Houlihan: I think that’s right, but we weren’t trying to show anything more profound. For the users of ROSS in combination with a traditional tool, we saw higher confidence and satisfaction than users of just one of those traditional tools with a great deal of consistency.
Whether it is always true that the use of two types of tools, such as Boolean and Natural Language, will yield the same response, I can’t say. We didn’t include that use case. As one of your readers rightfully pointed out, the omission is a limitation with the study. That is yet another area where more research is needed. I fear I am repeating myself too much, but the technology is new and the scope of what needs to be assessed is not trivial. It is certainly larger than what we could have hoped to cover with our one study.
For what it is worth: I wondered at the outset whether two tools would erode confidence. I still do. We tended to see fairly different sets of results returned from different tools. For example, there were a number of relevant cases that consistently appeared in the top results of one tool that did not appear as easily in another tool. To my mind, that undermines confidence, since it encourages me to ask what else I missed. That reaction was not shared by our participants, however.
With respect to the groups assigned to use ROSS and another tool, did you measure how much (or how) they used one or the other?
Houlihan: We did, but we opted to not report on it. The relative use of one tool or another varied between researchers. As a group, we did observe that participants tended to rely more on the alternative tool for the initial questions and to increase their reliance on ROSS over the course of the study. I believe we make a note about it in the report. However, we did not find that this was a sufficiently strong or significant trend to warrant any deeper commentary without more study.
(This question comes from a comment to the original post.) It appears that the Westlaw and Lexis results are combined in the “natural language” category. That causes me to wonder if one or the other exceeded ROSS in its results and they were combined to obscure that.
Houlihan: The reason we combined the tools was because we never intended to compare Westlaw v.

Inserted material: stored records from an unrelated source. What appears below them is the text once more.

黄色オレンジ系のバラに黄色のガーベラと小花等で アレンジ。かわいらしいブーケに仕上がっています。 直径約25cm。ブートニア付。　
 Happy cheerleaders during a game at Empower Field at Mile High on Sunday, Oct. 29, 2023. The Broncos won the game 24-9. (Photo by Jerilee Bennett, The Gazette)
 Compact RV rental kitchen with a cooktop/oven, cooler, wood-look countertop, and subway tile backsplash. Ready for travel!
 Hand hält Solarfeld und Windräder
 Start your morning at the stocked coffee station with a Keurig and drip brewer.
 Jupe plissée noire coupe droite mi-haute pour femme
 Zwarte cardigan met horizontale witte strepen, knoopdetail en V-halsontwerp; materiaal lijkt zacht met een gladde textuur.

ROSS or Lexis v. ROSS. We were interested in how our use case compared to traditional technology types used in legal research. We used both Lexis & Westlaw within each assessment group to try to get a merged view of the technology type that wasn’t overly colored by the idiosyncrasies that the particular design of a tool might bring. In fact, we debated whether to mention that Westlaw or LexisNexis tools were used in the study at all. Ultimately, we identified them as a sign that we were comparing our use case to commonly used versions of those technology types. As for how individual tools performed, all I feel with can say reliably is that we did not observe any significant variation in outcomes for different tools of the same type.
A huge thanks to David Houlihan for taking the time to answer these. The full report can be downloaded from the ROSS Intelligence website.